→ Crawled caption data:
....

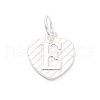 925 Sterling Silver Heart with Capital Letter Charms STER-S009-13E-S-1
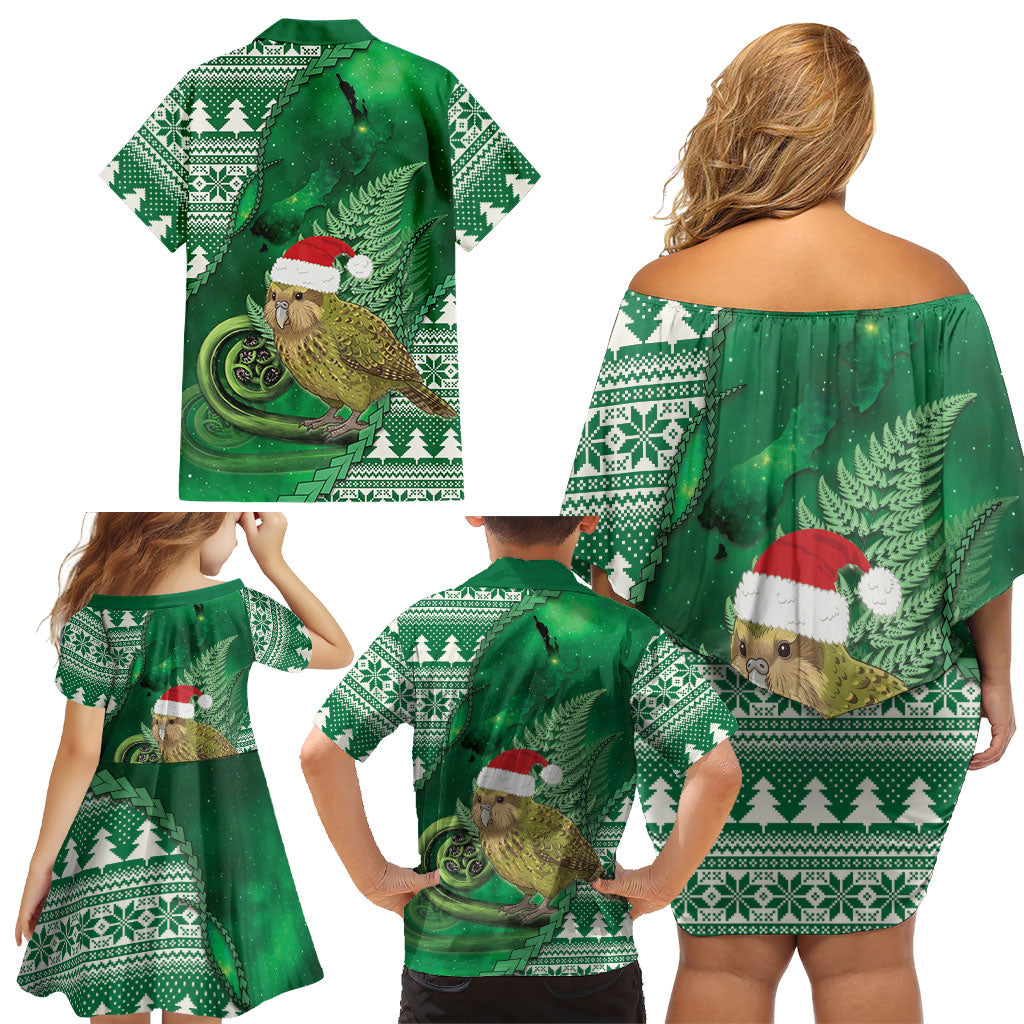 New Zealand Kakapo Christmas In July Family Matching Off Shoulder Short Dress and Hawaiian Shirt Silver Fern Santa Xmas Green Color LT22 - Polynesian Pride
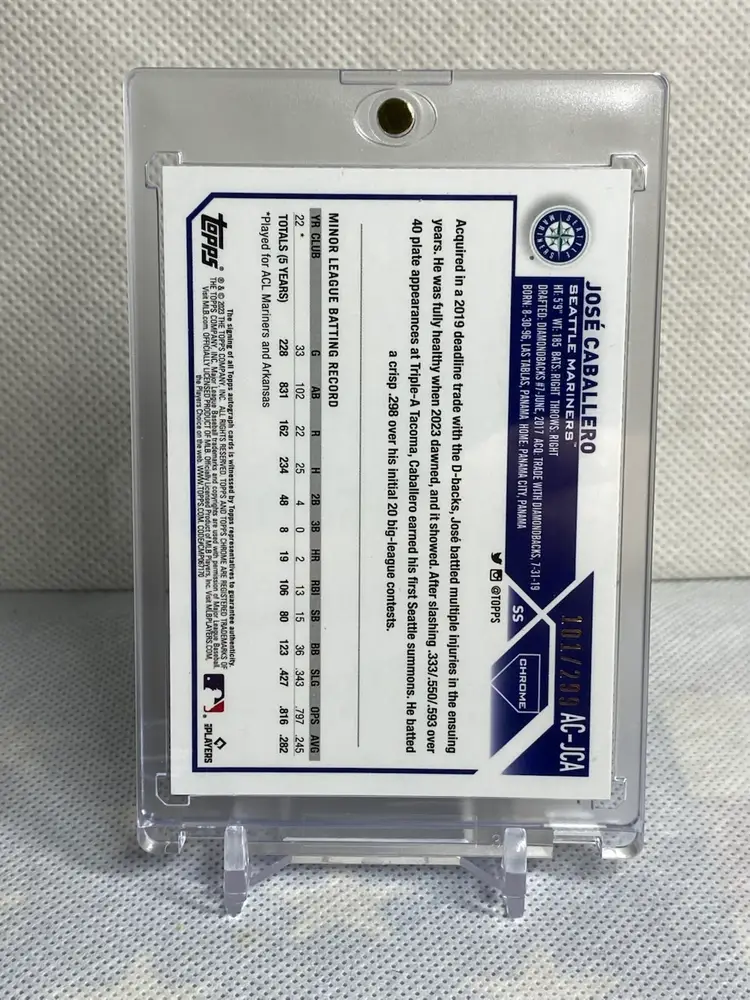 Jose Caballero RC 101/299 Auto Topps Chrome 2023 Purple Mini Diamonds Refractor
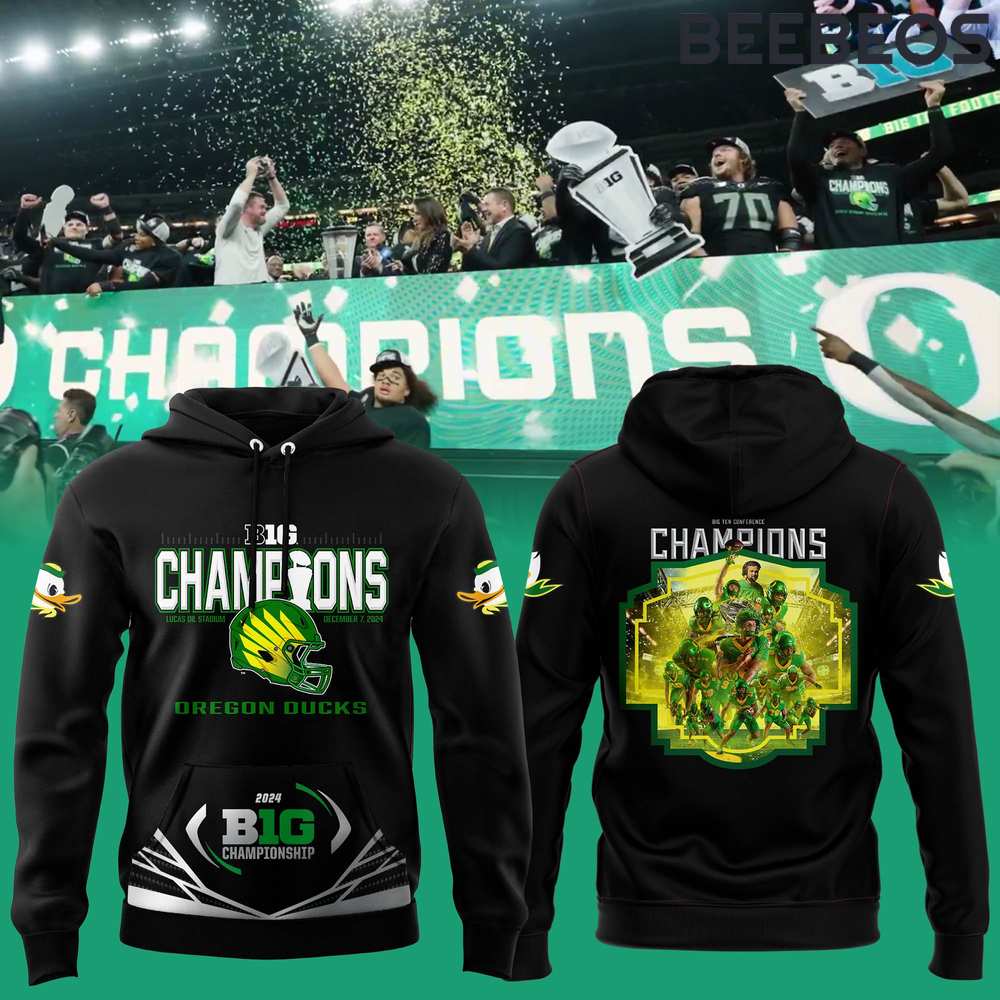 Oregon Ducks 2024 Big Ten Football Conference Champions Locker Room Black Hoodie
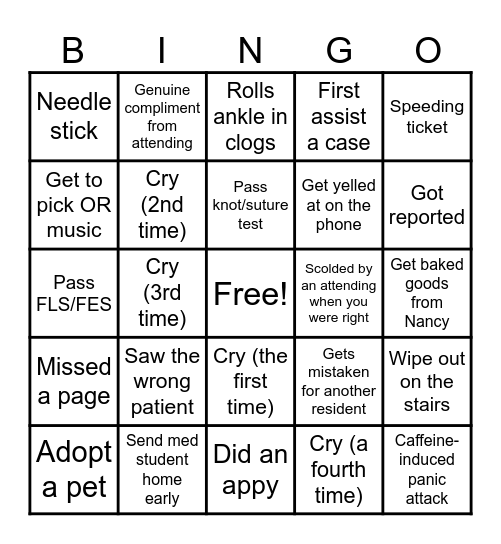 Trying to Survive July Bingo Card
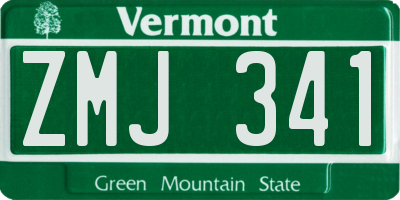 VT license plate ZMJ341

....

→ Exercise requirements: Your task is to reproduce the entries above word for word, from the first line through the line with "New Zealand Kakapo", and please leave out any pictures.

→ Solution for this task:
 925 Sterling Silver Heart with Capital Letter Charms STER-S009-13E-S-1
 New Zealand Kakapo Christmas In July Family Matching Off Shoulder Short Dress and Hawaiian Shirt Silver Fern Santa Xmas Green Color LT22 - Polynesian Pride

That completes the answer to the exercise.